Spesso, gli ammortizzatori che funzionano male o difettosi passano inosservati perché sono soggetti a un’usura lenta e graduale, che il guidatore non nota quasi mai. Con ammortizzatori difettosi, ad esempio, la probabilità di un ribaltamento in situazioni pericolose aumenta notevolmente, come dimostra il test dell’alce). I seguenti segni possono indicare un difetto:

  • Ampie oscillazioni a veicolo fermo (se lo si spinge verso il basso nella zona del cofano)
  • Continuo oscillamento dopo un dosso o irregolarità stradale
  • Scricchiolii o rumoni strani dopo un’irregolarità
  • Macchie d’olio o zone umide lungo gli ammortizzatori
  • Usura irregolare degli preumatici
  • Forte “impuntamento” del veicolo in fase di frenata, al contrario in fase di accellerazione
  • “Imbarcamento” marcato in curva
  • Reazioni imprevedibili con vento trasversale
  • Aquaplaning

Posso far controllare o testare i miei ammortizzatori?

A volte anche una piccola causa può avere un grande effetto: La pressione dell’aria è corretta su tutte e quattro le ruote? Soprattutto dopo il classico passaggio dalle ruote estive a quelle invernali (e viceversa) il primo passo dovrebbe essere proprio cntrollare la pressione delle gomme.

Se la pressione dell’aria è impostata correttamente e l’auto rimane ancora male sulla strada, si dovrebbe fare un test degli ammortizzatori. 

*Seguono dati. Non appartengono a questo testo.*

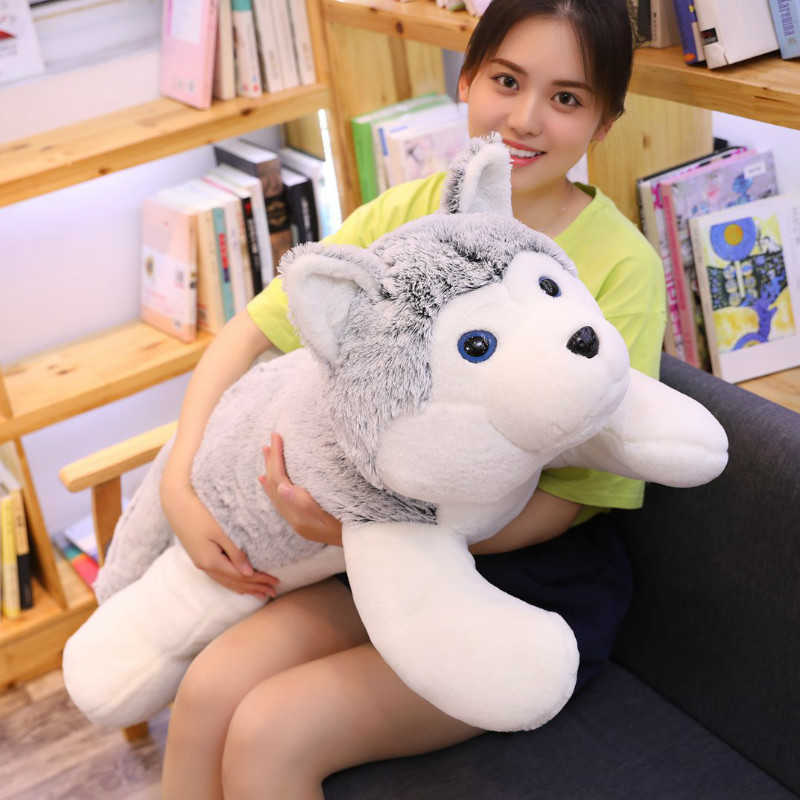 Real Life Husky Dog Plush Toys Soft Stuffed Pillow Animal for Children Baby Doll Kids Girl Lovely Christmas Gift 210728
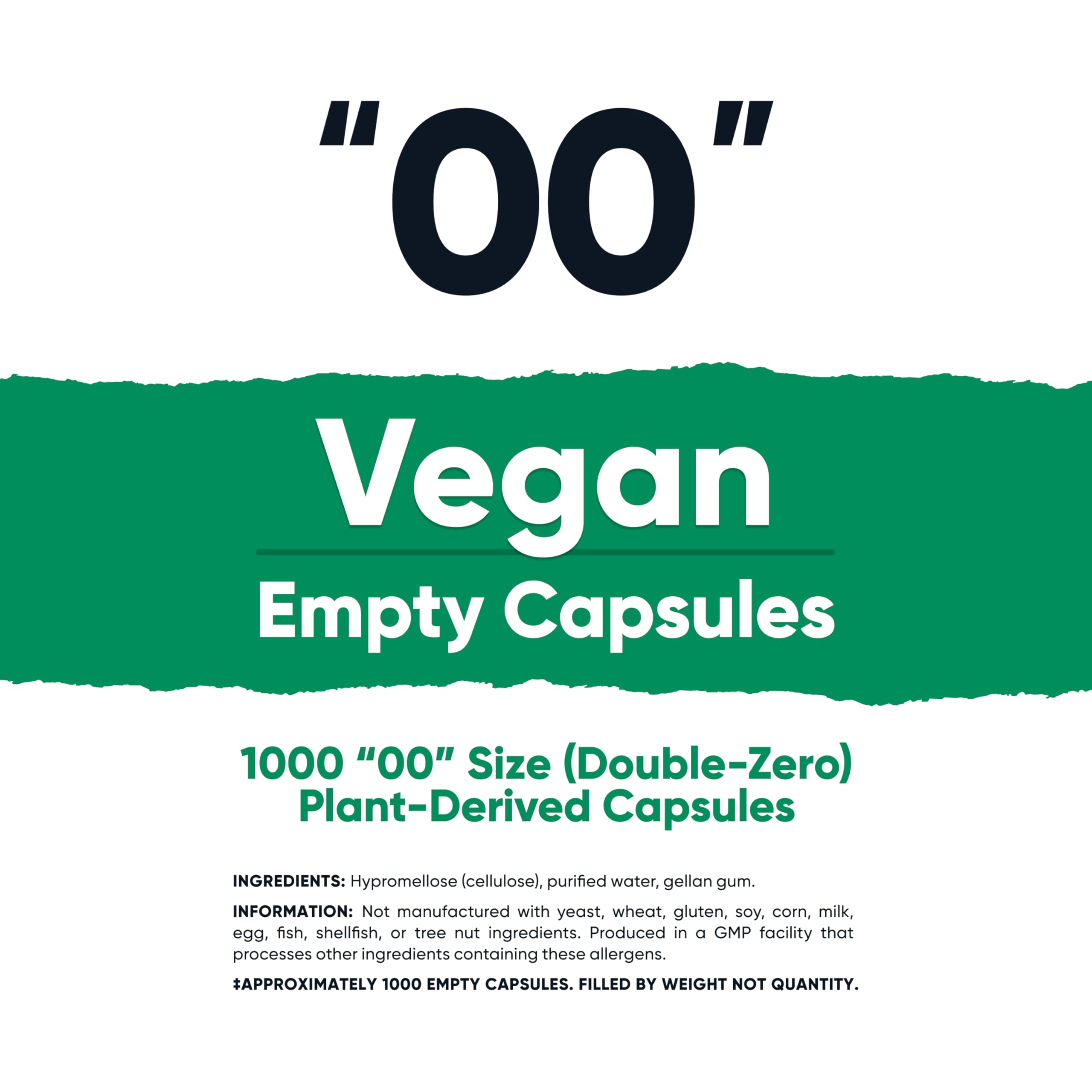 Clear plant-based empty capsules size 00, 1,000 count (side view)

Un’officina con gli strumenti adatti è in grado di eseguire un test standardizzato e soddisfacente. I prezzi sono trasparenti l’importo è notevolmente inferiore ai costi di una revisione generale.

Consiglio 

Se sai che i tuoi ammortizzatori hanno un difetto, non portare l’auot ad una revisione: nel migliore dei casi, l’auto non passa la revisione. Nel peggiore, sarai costretto a sostituire i pezzi rovinati e rifare la revisione pagandola due volte.

Per quanto tempo posso continuare a guidare con un ammortizzatore danneggiato?

Per motivi di sicurezza, è meglio fermare il veicolo: gli ammortizzatori difettosi rappresentano un elevato rischio per la sicurezza e devono essere sostituiti immediatamente.

Sostituzione dell’ammortizzatore (asse anteriore)

Quando e con quale frequenza deve essere cambiato l’ammortizzatore?

Non è possibile stabilire un moment preciso: Le cause di un difetto dell’ammortizzatore sono principalmente l’usura legata al chilometraggio, i danni alla strada, l’affaticamento del materiale, il carico errato o un incidente. Di norma, l’ammortizzatore perde nel tempo, cosa che si nota da un lato per il rumore e dall’altro per un comportamento di guida chiaramente deteriorato.

Cambio solo l’ammortizzatore difettoso da un lato odevo cambiare la coppia?

Gli ammortizzatori danneggiati o difettosi devono essere sempre sostituiti a coppie per asse. Il motivo è che il nuovo ammortizzatore ha un profilo prestazionale migliore di quello usato. Se viene sostituito un solo ammortizzatore per asse, la conseguenza può essere un comportamento di guida instabile e la sicurezza stradale è compromessa. 

Quanto costa un ammortizzatore in officina?

Qui una sintesi approssimativa per il calcolo dei costi di una sostituzione dell’ammortizzatore che abbiamo messo insieme per voi in questo paragrafo. Si tratta di valori medi; in singoli casi possono esserci forti scostamenti nei salari orari o nei costi del materiale (ad esempio per gli ammortizzatori a controllo elettronico). Tuttavia, se si dispone del know-how tecnico, è possibile risparmiare molto denaro per il cambio degli ammortizzatori.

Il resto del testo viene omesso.